Hamburg & Schleswig-HolsteinExperte: Ratten keine Gefahr für Fledermäuse in Bad Segeberg

Eulen und Katzen sorgen für mehr Unruhe unter Fledermäusen in Bad Segeberg als Ratten. Was Überwachungskameras in der Kalkberghöhle alles enthüllen, überrascht sogar Experten.
Bad Segeberg (dpa/lno) - Eine Ratte fängt eine Fledermaus im Flug und tötet sie: Ein Video dieses scheinbar einmaligen Verhaltens aus der Bad Segeberger Kalkberghöhle hat sich in den vergangenen Wochen in den sozialen Medien weit verbreitet. Matthias Göttsche, der das Fledermausmonitoring in Schleswig-Holstein leitet, kennt die Hintergründe der Aufnahmen, die bereits aus dem Jahr 2020 stammen und jetzt im Rahmen einer Studie veröffentlicht wurden.
Rattenpopulation erfolgreich bekämpft
Damals habe es eine Rattenpopulation am Kalkberg gegeben, die aber schnell und erfolgreich bekämpft worden sei, sagte Göttsche der dpa. Für den Fall eines neuen Auftretens von Ratten werden Wildkameras und Prüfköder eingesetzt. Die Kalkberghöhle in Bad Segeberg ist mit rund 30.000 Tieren das größte Überwinterungsquartier für Fledermäuse in Nordmitteleuropa.
Eulen stören Fledermausvorkommen
Größere Gefahren als von Ratten gehen für Fledermäuse von Eulen aus. Das Ein- und Ausfliegen der kleinen Säugetiere kann die Aufmerksamkeit von Waldkäuzen auf sich ziehen, die sich dann am Einflugloch postieren und Fledermäuse abfangen. Das Problem sei dabei weniger der Verlust einzelner Exemplare als die Reaktion der Masse. "Es ist die Anwesenheit des Jägers", sagte Göttsche. Die Fledermäuse meiden dann den betroffenen Ort. "Da ist der Vermeidungseffekt größer als der Fresseffekt."

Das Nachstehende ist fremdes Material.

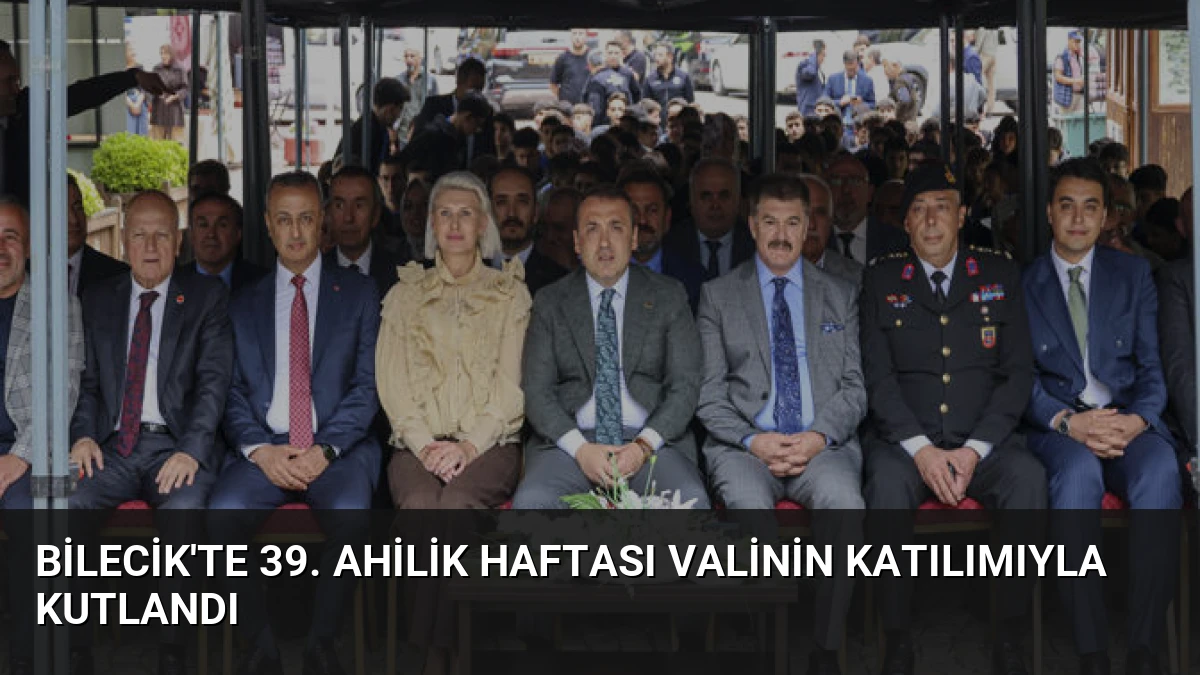 Bilecik’te 39. Ahilik Haftası Valinin Katılımıyla Kutlandı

Auch Katzen können Fledermäusen gefährlich werden
In den 1990er Jahren waren Katzen am Kalkberg ein großes Problem. Sie postierten sich an dem nur mit Brettern abgedeckten Entdeckungsloch der Höhle, das Fledermäuse benutzten, und töteten viele Tiere. "Das ist deren Jagdtrieb. Sie fangen mehr als sie zum Sattwerden bräuchten." Das Problem wurde gelöst, indem Einflugkabinen aufgebaut wurden. Heute werden zusätzlich grobmaschige Netze an Wegen flach über dem Boden aufgespannt. Unter diese können Katzen zwar gehen, aber sie können nicht mehr springen, um Fledermäuse im Flug zu erbeuten.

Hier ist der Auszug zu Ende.